Un’ altra ragione per cui non si può raggiungere Dio né vederlo in questo mondo è che ci troveremmo in piena contraddizione. Difatti se altri lo vedessero, ci vorrebbe dire che esiste una dualità tra lui e la sua creazione. Per questo i sufi affermano che la sua “ unità è senza associato “, che “ Egli vede Se stesso, che nessuno all’ infuori di Lui può vederLo “.
Nessuno sguardo può raggiungere Dio. Non è con i suoi sensi che l’ uomo potrà distinguerlo, ma staccandosi dal mondo fisico e facendo rinascere nel proprio cuore la natura divina. Essendo in tutte le “ forme “, Dio è anche in ciascuno di noi! I sufi dicono: “ Conosco il mio Signore tramite il mio Signore “; e con ciò intendono che occorre perdere prima l’ ego della propria personalità per immergersi in lui.
Ibn Arabî prosegue: “ Colui che nella sua conoscenza di Dio unisce il punto di vista della trascendenza con quello dell’ immanenza e attribuisce a Dio i due aspetti
globalmente, lo conosce veramente, cioè lo conosce globalmente, e non distintamente “.

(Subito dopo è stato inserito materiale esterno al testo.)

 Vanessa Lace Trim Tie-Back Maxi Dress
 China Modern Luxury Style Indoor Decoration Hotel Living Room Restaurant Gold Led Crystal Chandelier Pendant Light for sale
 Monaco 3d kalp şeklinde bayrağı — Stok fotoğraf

Un certo numero di sufi ha fatto notare che la dottrina dell’ unità, attraverso la formulazione del tawîd, passa per una gerarchia di gradi.
Dicono che l’ affermazione: “ Non c’ è altro Dio all’ infuori di Allâh “ è il tawhîd della gente del popolo.

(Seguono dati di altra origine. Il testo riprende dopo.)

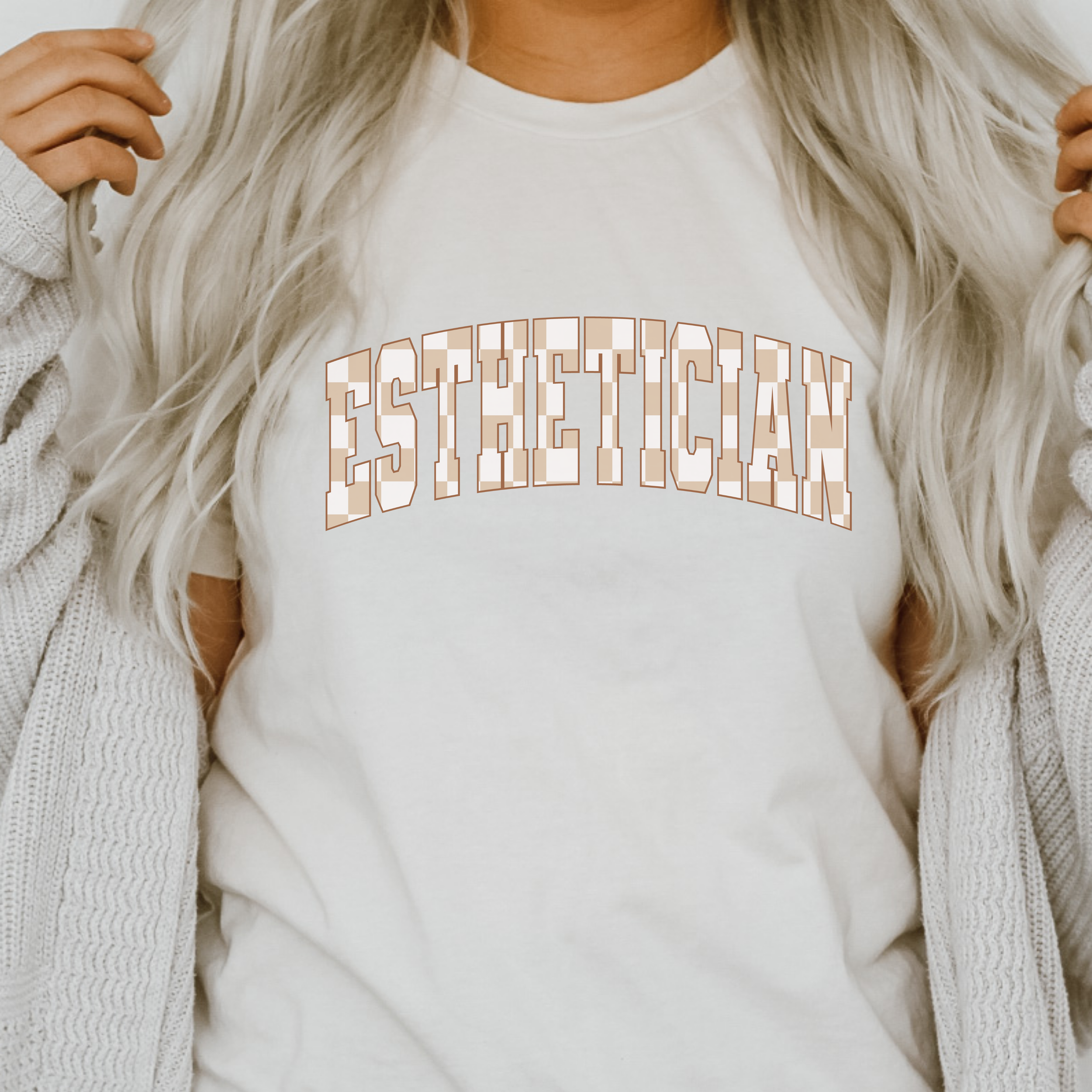 Neutral Checkered Esthetician T-Shirt 🏁#1.png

“ Non c’ è altro Lui che Lui “ è un grado più su, perché, come dice Sohrawadî, questo tawîd, nega l’ esistenza di tutti i lui ( tutti gli esseri che non siano Dio ), affermando che essi hanno la loro origine in Lui ( in Dio ).
“ Non c’è altro te che Te “ è ancora superiore. Mentre il tawhîd precedente esprimeva un idea di assenza, qui viene espressa una idea di presenza.
Il quarto stadio è quello che abbiamo ricordato prima. Afferma che il pronome “ te “ toglie il dubbio della contraddizione e fa supporre l’ esistenza di una dualità.
Questo quarto tawîd diventa allora: “ Non c’ è altro io che Io “ ed è più elevato del terzo.
Il quinto grado non è formulabile. Afferma che distinzioni tra “ Essere “, “ non essere “, Lui e te o me non esistono in quanto la realizzazione dell’ unità non viene raggiunta. Questo grado è immenso ed è quello del mondo divino.
Sohrawadî dice che un grado ancora più alto di quello che esiste, perché esso è infinito. Racconta anche un giorno fu chiesto a un maestro che cosa fosse li sufismo. Costui rispose: il suo inizio è Allâh , ma fine non è ha.
Questo tawhîd permette a Ibn Arabî di dire: “ In realtà non c’è unione, né separazione, come non c’è allontanamento né avvicinamento. Non si può parlare di unione se non tra due fattori, e non quando si tratta di cosa unica “.
In un certo senso la dottrina dell’ unità può essere vista in ultima analisi come dottrina della conoscenza di se stesso. Essa raggiunge sotto questo aspetto la via della realizzazione spirituale, poiché s’ impegna a far ritrovare in se stesso la presenza dell’ essenza unica, come il santo sulla via spirituale vuole ritrovare nel suo cuore la verità ( haqîqa ) e la perfezione, cercando di realizzare tutte le possibilità della sua condizione, cioè la sintesi delle qualità cosmiche grazie alle quali egli è sia rappresentante di Dio sia identico nella sua anima all’ anima del mondo. Qui infine s’ incontrano la dottrina dell’ unità e quella dell’ uomo universale; e qui tutte e due si associano per liberare l’ uomo dalle dualità dovute alla sua natura terrestre. Questo è dunque il significato finale dell’ unità dell’ Essere: conoscere se stesso per sapere che il proprio essere non è né che l’ Essere stesso di Allâh, indefinibile e non formulabile, il Sé immutabile del mondo.